Given data section start

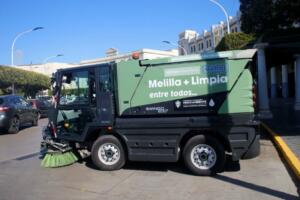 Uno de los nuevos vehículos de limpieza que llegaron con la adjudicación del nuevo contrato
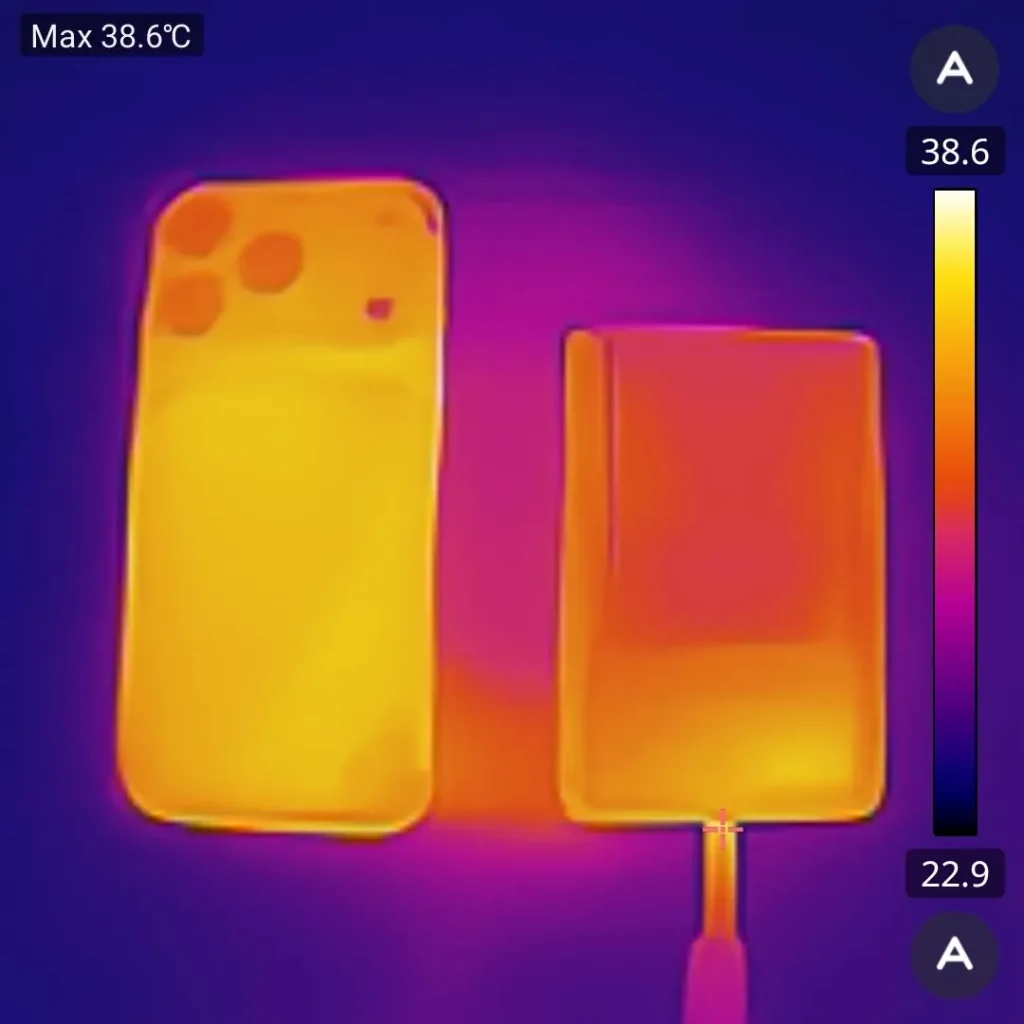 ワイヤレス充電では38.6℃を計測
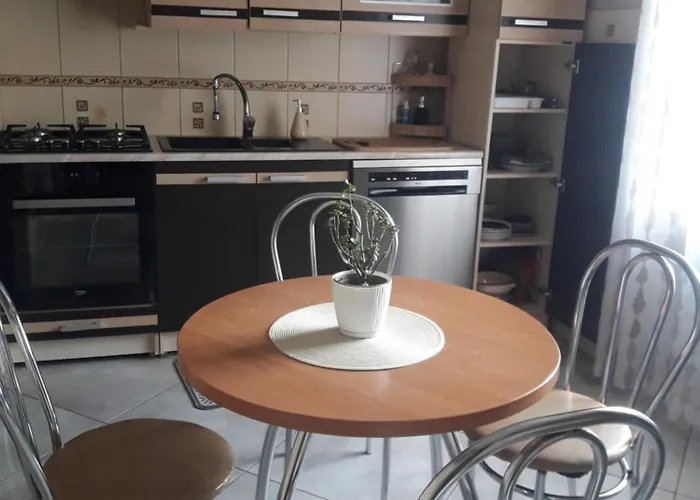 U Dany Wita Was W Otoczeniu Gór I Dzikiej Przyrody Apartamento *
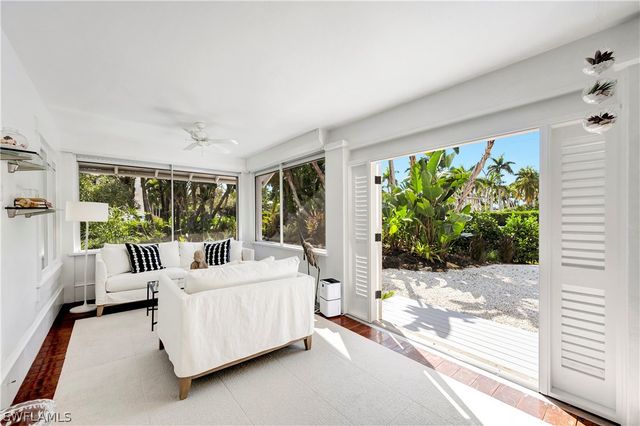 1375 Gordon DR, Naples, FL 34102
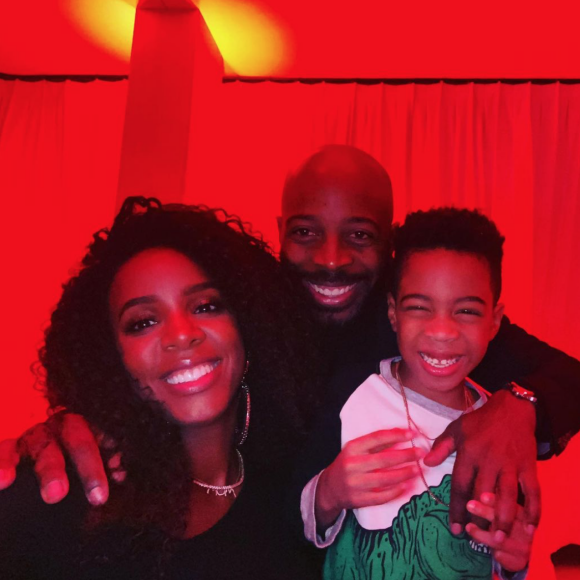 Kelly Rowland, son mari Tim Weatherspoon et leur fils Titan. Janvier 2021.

Given data section end

[Work instruction] Repeat every line of the data exactly, but do not include pictures.

[Response to the exercise]
 Uno de los nuevos vehículos de limpieza que llegaron con la adjudicación del nuevo contrato
 ワイヤレス充電では38.6℃を計測
 U Dany Wita Was W Otoczeniu Gór I Dzikiej Przyrody Apartamento *
 1375 Gordon DR, Naples, FL 34102
 Kelly Rowland, son mari Tim Weatherspoon et leur fils Titan. Janvier 2021.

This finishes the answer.